After the devastation of Hurricane Katrina in 2005, one of the nation’s venerable golf courses nearly shut down for good.
The Great Southern Golf Course was built in 1908 and it is recognized as Mississippi’s oldest course. Burdened by debt and operating out of a trailer, locals feared the course, which had hosted golf greats such as Sam Snead, Byron Nelson and Ben Hogan, could be sold to a developer.
But a group of determined locals just could not let that happen.
“Essentially they were going to shut it down in May 2012 and we were about one hour away from foreclosure,” said Mike Ryan, one of the investors who helped rescue the course from being closed forever. “Fortunately, we were able to put together a group of investors to refinance the debt.”
The group immediately set in motion a plan to rebuild the grand clubhouse that Katrina washed away and to restore the Donald Ross-designed course to its former glory. The group recently re-opened a gleaming new $1.5 million clubhouse built in the same style as the historic building crushed by Katrina. It includes roof gables, red roof, Acadian-style porch with large windows – and a sweeping view of the Gulf of Mexico.
Inside there is the 1908 Bar and Grill open for breakfast, lunch and late afternoon appetizers and a new pro shop.
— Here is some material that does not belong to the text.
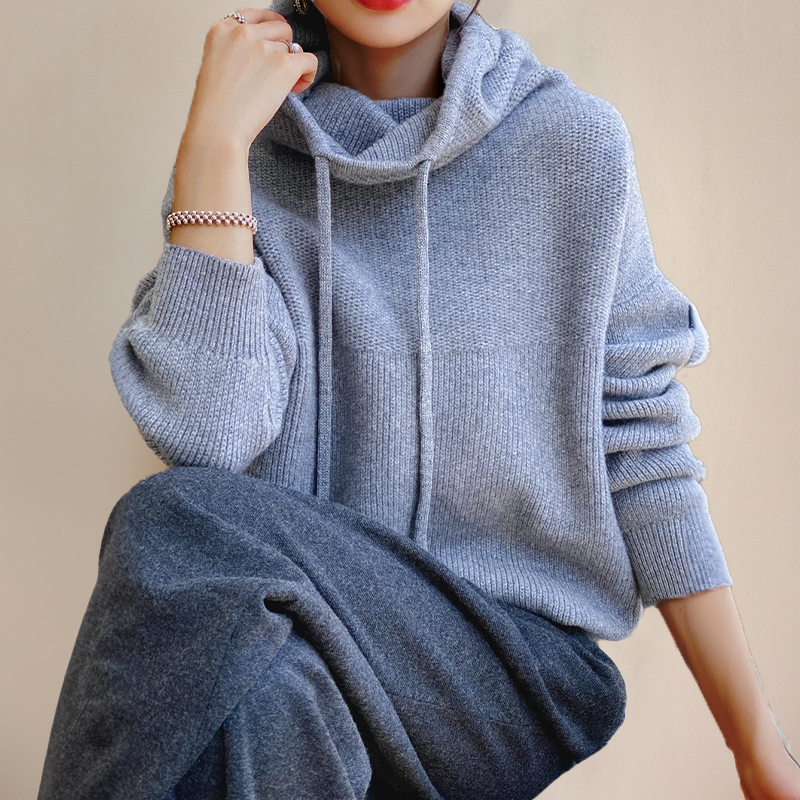 Barbara | Knit Hoodie Sweater with Drawstring Collar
The restaurant is open to the public and has become a popular stop favored for its reasonably priced home-style meals.
The improvements have netted significant results.
“We’ve gone from just six members last December to 160 this year and 500 rounds to 2,400 rounds,” Ryan said. “The course has never been in better shape.”
The greens have been overseeded for winter and fairways are weed-free.
“The course playing conditions are virtually perfect,” Ryan said.
The course fees have been kept low and that has made it a popular with the Snowbirds. Weekday fees are $30 and weekend $35, which includes a cart.
Not a bad price to get to golf, dine or even walk such hallowed grounds.